One of the early templates for worship design I learned in seminary had four simple parts to it:
- The People are Gathered
- The Word is Spoken
- The People Respond
- The People are Sent
All of the components of most church services function in one of these four ways, and worship design consists in part of making choices that facilitate these four actions in a way that leads to a real encounter with the Living Christ. As pastors, worship leaders, and others make decisions about what to do (or not do) in a worship service, these movements always keep me grounded and help me weed through the fluff to those things that are most important to the life of the body of Christ.
As we look at the gatherings of the people of God in Scripture, one of the things that sticks out to me is not only the biblical foundations of these movements in corporate gatherings, but how God (not humanity) initiates the movement to gather. The Exodus was God’s idea, and its aims were both to make a people for himself (extending the Abrahamic covenant to his descendants) and through that people to bless the nations. This would only happen if God welcomed them in (via relationship, or covenant) and the people were given a way to participate in (or reject) the call of God to worship and follow into that promise. All of the moves of God to gather God’s people together have this same trajectory (see the giving of the law again in Deuteronomy, the covenant renewal in Joshua 24, or the reading and response to the Law in Nehemiah for a few examples).
Christ, being the better Word who speaks to us now of a better covenant built on better promises (Hebrews 1-10), makes the same invitation to the (potential) people of God. They are called by God to gather for the sake of hearing and responding to the Word of God – which is a transformative and empowering participation in the life-giving relationship God has opened up to them in Jesus. This is why the gathering should not be forsaken (Hebrew 10:25) – because Christ himself is calling us together for the sake of revelation, transformation, and mission. Gathering together is God’s idea, and made possible through Christ in the power of the Spirit.
I try to think about this on those Sunday mornings when minutia and tasks pile up as we finalize our preparations for worship. It is so easy to make Sunday mornings about the wrong things: good sermons, great music, community, fellowship, or even my own spiritual or emotional needs. None of those things are inherently bad, but they are not the primary reason we gather on Sundays. We gather because God has called a meeting.
God called us to gather. God called us to gather together. God called us to gather together to speak to us. And Christ Himself is going to lead us.

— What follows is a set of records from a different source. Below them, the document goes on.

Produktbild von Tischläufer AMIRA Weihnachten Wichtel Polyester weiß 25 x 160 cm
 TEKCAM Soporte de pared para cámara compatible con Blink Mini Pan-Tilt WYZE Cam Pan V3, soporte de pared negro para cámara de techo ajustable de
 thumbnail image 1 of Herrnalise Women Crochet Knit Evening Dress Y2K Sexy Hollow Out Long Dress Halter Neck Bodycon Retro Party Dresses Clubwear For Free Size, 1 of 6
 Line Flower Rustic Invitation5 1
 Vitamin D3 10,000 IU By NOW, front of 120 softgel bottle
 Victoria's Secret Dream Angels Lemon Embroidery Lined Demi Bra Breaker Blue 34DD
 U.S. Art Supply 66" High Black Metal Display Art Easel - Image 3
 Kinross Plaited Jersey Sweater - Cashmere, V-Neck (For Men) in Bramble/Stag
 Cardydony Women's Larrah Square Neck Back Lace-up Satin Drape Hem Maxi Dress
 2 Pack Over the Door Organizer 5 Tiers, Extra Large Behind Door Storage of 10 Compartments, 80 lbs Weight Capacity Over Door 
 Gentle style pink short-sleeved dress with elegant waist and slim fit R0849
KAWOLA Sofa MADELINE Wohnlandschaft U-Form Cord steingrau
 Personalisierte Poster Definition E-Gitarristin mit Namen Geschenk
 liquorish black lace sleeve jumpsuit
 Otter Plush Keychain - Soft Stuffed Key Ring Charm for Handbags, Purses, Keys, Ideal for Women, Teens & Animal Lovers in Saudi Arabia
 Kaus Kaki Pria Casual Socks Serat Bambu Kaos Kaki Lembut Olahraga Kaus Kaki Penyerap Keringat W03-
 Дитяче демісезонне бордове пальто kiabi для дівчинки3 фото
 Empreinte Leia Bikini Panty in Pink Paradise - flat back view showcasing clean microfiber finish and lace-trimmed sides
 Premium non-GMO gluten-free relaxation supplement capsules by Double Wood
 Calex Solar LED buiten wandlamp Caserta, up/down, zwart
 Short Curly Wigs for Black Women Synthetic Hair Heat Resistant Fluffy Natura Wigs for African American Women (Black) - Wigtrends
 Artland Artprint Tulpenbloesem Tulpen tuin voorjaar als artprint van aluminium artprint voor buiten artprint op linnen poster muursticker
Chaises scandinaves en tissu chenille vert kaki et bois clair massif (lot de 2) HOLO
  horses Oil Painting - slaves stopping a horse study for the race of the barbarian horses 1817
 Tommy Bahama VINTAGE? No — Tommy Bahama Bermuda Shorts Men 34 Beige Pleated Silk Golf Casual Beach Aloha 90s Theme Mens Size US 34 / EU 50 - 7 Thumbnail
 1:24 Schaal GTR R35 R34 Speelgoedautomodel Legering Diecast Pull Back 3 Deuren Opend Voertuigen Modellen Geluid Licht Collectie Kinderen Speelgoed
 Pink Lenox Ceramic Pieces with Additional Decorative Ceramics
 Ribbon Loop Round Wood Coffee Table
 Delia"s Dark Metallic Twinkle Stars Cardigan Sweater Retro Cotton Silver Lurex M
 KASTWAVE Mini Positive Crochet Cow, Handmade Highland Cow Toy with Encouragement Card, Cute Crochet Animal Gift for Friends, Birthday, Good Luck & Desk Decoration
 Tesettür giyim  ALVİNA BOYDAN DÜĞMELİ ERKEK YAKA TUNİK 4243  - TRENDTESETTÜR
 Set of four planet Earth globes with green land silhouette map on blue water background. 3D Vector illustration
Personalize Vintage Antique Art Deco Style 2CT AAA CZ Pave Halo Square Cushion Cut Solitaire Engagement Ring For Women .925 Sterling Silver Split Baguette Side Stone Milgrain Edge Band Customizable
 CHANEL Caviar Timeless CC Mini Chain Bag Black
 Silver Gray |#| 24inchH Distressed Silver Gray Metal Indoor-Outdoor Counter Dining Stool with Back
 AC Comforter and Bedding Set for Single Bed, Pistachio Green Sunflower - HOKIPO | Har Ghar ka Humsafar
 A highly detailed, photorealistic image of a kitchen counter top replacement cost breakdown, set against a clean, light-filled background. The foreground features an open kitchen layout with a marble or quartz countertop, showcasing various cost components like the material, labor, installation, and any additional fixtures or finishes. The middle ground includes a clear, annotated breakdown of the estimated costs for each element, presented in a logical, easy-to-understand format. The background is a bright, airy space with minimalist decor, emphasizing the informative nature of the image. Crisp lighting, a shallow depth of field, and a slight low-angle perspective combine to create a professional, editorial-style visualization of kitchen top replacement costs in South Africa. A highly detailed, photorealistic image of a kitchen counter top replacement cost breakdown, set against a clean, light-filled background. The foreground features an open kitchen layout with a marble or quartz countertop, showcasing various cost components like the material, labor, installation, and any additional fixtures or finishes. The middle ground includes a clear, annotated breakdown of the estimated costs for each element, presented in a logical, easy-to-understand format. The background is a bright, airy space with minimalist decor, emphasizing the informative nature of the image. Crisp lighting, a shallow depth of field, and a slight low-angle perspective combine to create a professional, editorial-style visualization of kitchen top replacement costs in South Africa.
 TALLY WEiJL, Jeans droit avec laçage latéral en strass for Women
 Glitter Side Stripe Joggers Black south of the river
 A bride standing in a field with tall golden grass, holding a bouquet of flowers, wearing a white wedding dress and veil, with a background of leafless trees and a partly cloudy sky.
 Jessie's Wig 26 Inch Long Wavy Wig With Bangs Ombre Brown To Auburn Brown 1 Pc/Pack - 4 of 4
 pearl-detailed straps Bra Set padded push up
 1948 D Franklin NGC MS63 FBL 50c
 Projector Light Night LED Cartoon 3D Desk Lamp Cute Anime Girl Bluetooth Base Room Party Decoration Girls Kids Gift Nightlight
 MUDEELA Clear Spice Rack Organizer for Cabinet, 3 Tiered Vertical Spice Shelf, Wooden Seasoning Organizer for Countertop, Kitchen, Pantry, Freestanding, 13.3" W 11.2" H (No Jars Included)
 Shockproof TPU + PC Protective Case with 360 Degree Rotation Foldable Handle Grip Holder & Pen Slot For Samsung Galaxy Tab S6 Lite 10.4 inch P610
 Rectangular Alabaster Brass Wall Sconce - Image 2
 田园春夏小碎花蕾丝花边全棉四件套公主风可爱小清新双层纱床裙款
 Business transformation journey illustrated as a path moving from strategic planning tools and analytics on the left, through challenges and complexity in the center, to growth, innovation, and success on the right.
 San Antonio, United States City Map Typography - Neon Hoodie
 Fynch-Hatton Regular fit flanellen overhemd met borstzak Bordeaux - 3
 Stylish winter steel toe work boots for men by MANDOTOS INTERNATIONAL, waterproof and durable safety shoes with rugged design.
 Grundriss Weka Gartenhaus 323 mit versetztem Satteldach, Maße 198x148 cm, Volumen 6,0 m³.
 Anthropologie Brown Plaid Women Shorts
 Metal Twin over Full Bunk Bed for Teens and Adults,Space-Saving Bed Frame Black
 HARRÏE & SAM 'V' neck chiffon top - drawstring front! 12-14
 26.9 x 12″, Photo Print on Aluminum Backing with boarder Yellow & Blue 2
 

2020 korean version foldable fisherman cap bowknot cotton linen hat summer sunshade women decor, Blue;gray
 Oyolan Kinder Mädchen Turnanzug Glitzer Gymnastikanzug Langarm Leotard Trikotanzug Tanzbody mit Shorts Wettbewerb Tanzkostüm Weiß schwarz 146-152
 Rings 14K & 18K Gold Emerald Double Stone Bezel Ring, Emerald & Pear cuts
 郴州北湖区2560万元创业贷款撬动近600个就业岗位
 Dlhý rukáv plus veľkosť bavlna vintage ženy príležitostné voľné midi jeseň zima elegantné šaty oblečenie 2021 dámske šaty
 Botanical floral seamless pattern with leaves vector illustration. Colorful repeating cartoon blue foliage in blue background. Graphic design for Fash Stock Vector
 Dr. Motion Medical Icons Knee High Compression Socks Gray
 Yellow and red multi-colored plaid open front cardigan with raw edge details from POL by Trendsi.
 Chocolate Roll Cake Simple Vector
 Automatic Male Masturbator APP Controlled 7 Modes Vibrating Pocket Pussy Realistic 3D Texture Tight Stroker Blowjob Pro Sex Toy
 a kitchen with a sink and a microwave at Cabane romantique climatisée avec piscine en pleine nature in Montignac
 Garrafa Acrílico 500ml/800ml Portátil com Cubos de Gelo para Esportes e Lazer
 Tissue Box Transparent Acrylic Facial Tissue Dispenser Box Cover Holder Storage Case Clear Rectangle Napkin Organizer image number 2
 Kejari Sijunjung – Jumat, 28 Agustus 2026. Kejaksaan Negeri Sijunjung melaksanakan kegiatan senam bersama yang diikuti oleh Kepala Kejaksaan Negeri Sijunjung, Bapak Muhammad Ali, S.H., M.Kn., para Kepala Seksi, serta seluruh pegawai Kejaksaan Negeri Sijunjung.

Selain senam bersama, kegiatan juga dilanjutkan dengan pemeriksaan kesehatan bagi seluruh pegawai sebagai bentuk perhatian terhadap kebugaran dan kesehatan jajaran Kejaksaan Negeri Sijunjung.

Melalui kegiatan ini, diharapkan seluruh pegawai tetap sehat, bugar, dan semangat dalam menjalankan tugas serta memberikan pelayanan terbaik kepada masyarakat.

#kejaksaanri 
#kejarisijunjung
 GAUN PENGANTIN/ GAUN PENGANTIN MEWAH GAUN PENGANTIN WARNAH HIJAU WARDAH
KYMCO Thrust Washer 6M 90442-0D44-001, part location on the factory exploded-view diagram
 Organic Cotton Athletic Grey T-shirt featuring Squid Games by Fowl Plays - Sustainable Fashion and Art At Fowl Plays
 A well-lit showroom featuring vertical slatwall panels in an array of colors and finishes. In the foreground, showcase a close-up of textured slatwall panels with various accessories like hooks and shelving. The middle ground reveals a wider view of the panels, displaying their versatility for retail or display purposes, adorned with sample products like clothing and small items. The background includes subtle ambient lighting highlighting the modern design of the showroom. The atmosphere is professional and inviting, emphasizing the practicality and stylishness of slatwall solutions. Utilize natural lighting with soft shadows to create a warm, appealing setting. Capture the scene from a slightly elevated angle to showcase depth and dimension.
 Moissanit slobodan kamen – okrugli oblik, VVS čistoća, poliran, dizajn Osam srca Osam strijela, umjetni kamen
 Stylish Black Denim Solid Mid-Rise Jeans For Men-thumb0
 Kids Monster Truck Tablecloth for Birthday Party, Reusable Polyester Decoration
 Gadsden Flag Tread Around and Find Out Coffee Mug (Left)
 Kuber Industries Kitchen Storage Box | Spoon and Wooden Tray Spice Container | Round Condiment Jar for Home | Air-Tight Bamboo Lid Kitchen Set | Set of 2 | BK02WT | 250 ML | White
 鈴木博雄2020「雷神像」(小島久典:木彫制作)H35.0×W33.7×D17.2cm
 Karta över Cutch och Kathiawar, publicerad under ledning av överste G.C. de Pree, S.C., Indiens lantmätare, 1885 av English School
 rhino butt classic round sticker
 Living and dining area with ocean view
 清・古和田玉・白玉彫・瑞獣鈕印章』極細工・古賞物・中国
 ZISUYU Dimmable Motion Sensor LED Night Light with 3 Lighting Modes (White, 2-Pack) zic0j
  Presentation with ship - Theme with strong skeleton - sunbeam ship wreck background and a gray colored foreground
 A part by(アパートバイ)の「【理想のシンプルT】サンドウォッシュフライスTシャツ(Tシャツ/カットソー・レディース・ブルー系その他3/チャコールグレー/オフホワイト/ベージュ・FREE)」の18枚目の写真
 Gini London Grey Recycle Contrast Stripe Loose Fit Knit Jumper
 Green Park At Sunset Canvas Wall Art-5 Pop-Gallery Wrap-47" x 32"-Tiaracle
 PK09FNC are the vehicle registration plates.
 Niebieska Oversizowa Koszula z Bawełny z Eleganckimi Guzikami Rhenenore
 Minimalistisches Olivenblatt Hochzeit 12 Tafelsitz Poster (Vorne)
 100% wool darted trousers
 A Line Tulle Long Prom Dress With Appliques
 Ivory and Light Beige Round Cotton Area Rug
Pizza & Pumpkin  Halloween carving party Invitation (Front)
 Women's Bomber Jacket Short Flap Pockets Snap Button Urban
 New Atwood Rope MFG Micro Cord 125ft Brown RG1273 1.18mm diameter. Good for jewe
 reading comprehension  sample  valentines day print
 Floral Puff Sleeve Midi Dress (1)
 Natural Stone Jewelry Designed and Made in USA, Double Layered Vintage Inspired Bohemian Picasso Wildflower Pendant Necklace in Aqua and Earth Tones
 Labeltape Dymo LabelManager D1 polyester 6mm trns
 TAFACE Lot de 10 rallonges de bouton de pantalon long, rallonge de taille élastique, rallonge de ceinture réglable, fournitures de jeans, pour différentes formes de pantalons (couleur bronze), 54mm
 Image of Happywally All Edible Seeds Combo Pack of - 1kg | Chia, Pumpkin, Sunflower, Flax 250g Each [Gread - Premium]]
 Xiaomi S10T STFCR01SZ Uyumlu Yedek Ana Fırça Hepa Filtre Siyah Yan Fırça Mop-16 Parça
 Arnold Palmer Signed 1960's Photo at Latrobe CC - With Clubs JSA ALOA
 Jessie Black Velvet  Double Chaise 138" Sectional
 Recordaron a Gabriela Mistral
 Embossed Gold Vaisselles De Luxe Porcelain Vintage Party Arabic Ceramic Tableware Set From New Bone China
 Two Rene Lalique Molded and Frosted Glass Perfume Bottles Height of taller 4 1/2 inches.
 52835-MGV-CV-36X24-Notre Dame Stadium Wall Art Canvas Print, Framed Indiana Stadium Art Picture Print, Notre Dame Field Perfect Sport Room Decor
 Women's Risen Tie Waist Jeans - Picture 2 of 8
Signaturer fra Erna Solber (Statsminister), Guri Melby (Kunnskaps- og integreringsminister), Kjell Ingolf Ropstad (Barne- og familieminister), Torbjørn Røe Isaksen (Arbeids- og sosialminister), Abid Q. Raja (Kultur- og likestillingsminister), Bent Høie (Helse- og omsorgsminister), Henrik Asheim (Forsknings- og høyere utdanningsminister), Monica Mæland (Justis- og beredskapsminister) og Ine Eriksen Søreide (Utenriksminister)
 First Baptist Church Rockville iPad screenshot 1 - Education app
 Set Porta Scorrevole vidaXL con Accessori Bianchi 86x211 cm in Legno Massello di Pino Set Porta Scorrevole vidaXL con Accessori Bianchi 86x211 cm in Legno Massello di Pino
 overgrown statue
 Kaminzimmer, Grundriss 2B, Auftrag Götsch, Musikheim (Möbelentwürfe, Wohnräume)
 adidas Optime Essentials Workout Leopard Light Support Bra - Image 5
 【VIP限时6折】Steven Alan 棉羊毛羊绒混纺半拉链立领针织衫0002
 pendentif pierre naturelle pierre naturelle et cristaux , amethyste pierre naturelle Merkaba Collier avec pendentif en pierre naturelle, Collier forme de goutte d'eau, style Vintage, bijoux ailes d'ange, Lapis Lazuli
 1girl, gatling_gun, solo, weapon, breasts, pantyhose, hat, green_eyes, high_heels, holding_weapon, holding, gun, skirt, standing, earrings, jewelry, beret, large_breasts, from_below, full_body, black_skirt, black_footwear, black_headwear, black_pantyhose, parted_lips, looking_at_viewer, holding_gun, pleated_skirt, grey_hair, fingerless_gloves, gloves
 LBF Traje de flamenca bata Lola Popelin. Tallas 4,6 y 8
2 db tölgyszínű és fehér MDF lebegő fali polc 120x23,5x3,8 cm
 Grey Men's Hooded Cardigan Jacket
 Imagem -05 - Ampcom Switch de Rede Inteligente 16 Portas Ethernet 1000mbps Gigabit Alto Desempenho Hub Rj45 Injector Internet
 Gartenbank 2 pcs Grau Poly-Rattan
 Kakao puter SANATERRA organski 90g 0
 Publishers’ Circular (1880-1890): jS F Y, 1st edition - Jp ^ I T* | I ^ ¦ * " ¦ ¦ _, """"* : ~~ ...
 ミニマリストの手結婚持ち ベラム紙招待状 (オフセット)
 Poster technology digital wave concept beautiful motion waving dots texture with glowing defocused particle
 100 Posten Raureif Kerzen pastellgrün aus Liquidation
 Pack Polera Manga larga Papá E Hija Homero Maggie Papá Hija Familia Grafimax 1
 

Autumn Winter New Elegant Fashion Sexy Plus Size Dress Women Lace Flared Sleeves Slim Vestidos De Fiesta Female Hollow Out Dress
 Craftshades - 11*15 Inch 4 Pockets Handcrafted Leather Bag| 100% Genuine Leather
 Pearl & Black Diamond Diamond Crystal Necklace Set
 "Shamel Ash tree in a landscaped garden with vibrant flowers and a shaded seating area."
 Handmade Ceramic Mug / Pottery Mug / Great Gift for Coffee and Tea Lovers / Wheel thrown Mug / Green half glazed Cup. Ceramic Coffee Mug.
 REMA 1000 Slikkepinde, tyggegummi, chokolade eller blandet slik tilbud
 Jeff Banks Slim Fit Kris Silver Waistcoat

Sometimes I repeat these ideas to myself before we worship at my church. I remind myself of it because I want worship to be this hearing and responding, this revelation and participation in God. I want worship to be what God wants it to be. I think most worship designers do. And still, God wants his plan to unfold more than I do, and has provided the means through Christ to make it so. Knowing that God has a plan for gathering us, that we gather because we are called to do so, teaches me to trust God to do the real leading in our congregation. I have a role, but it has more to do with listening than it does singing or preaching or any other thing. Once I believe that, worship leading becomes a lot easier.